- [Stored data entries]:
• • • •

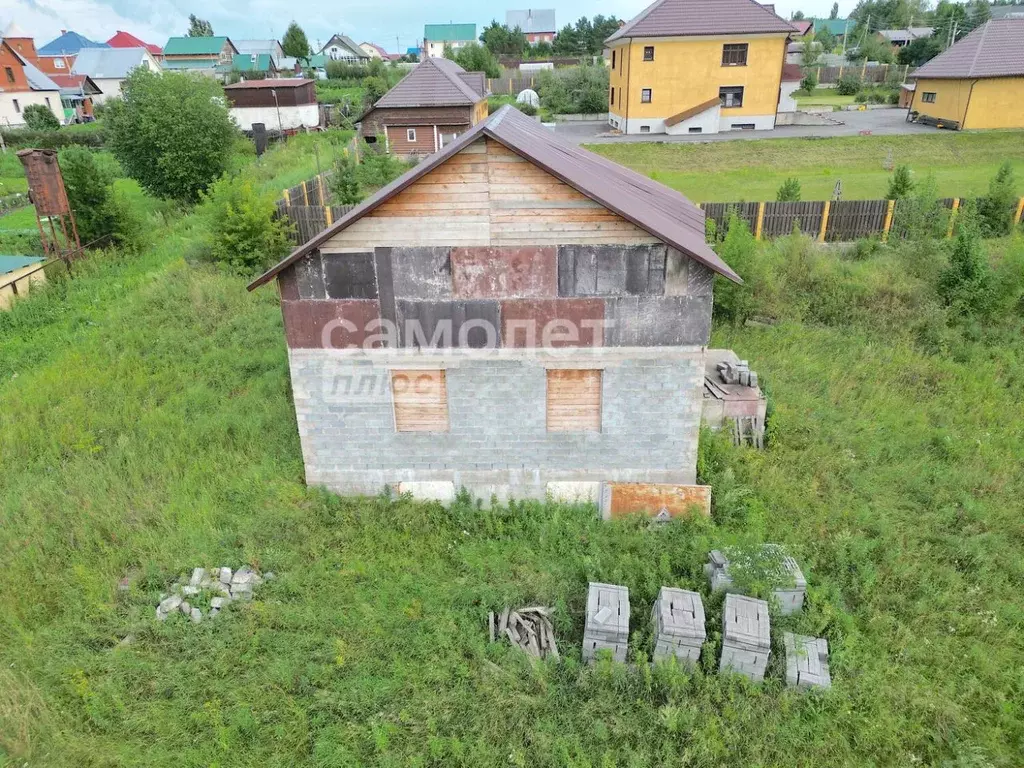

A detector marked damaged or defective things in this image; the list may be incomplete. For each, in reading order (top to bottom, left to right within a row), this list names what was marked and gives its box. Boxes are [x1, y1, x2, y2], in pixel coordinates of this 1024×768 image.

rusty metal sheet [452, 246, 557, 296]
rusty orange panel [452, 249, 557, 303]
rusty metal sheet [282, 299, 382, 350]
rusty metal sheet [499, 299, 602, 350]
rusty orange panel [598, 483, 712, 520]
rusty metal sheet [598, 481, 712, 524]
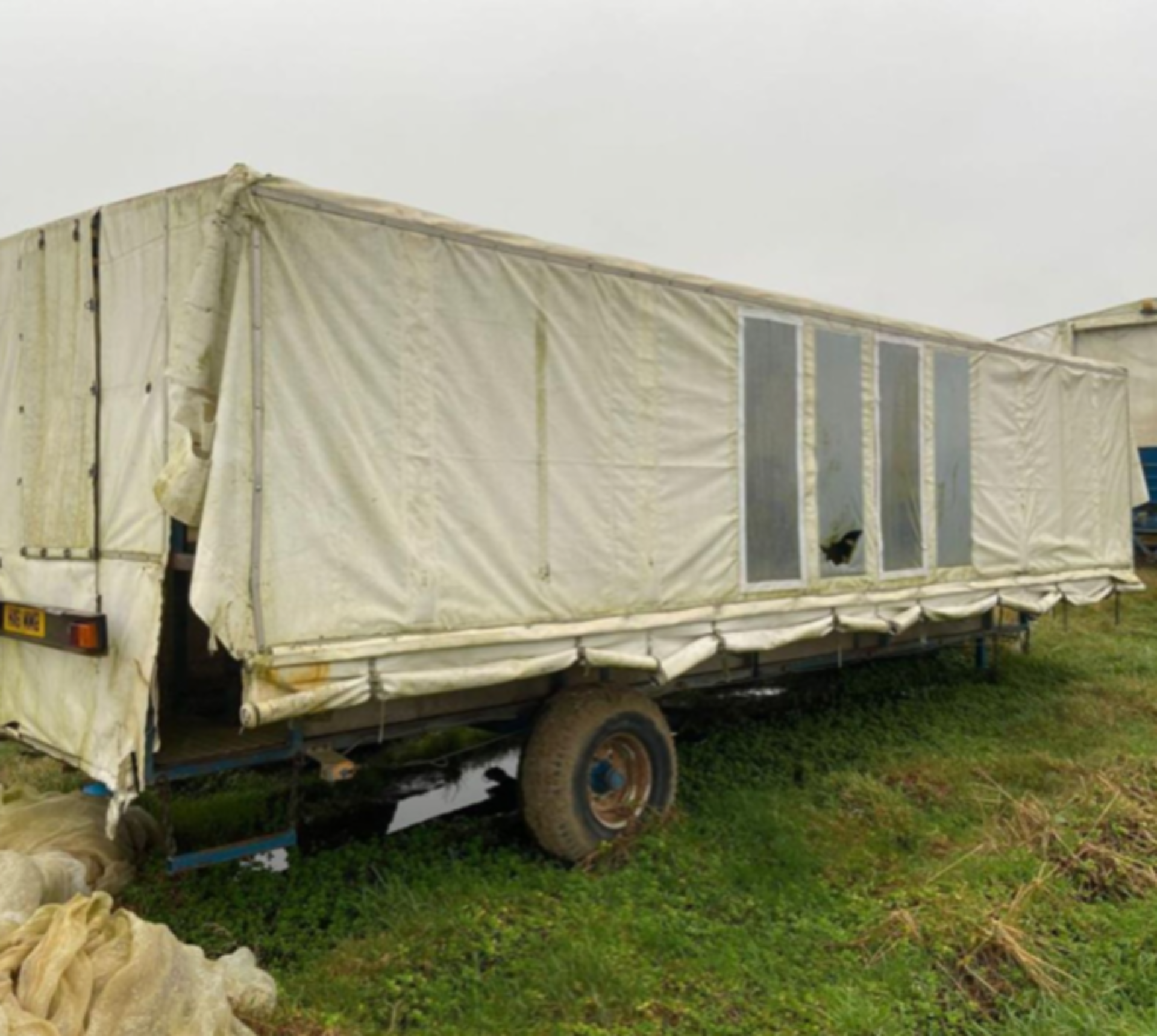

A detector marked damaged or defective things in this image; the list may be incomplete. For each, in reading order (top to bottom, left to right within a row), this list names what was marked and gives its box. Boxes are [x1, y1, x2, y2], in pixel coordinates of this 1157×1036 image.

rusty wheel [518, 685, 675, 863]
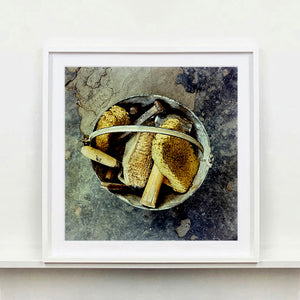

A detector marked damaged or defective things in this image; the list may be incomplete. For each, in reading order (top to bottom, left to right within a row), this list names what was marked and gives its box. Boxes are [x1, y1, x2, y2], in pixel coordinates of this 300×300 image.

cracked cement floor [65, 67, 237, 240]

• • • •

- [TASK PROMPT]:
Once the line that contains "this 300×300 image." is found, please give it again exactly, along with each line that comes after it, through the last line of the entries.

- [RESPONSE TO THE TASK]:
A detector marked damaged or defective things in this image; the list may be incomplete. For each, in reading order (top to bottom, left to right within a row), this list names what was marked and gives its box. Boxes are [x1, y1, x2, y2], in pixel coordinates of this 300×300 image.

cracked cement floor [65, 67, 237, 240]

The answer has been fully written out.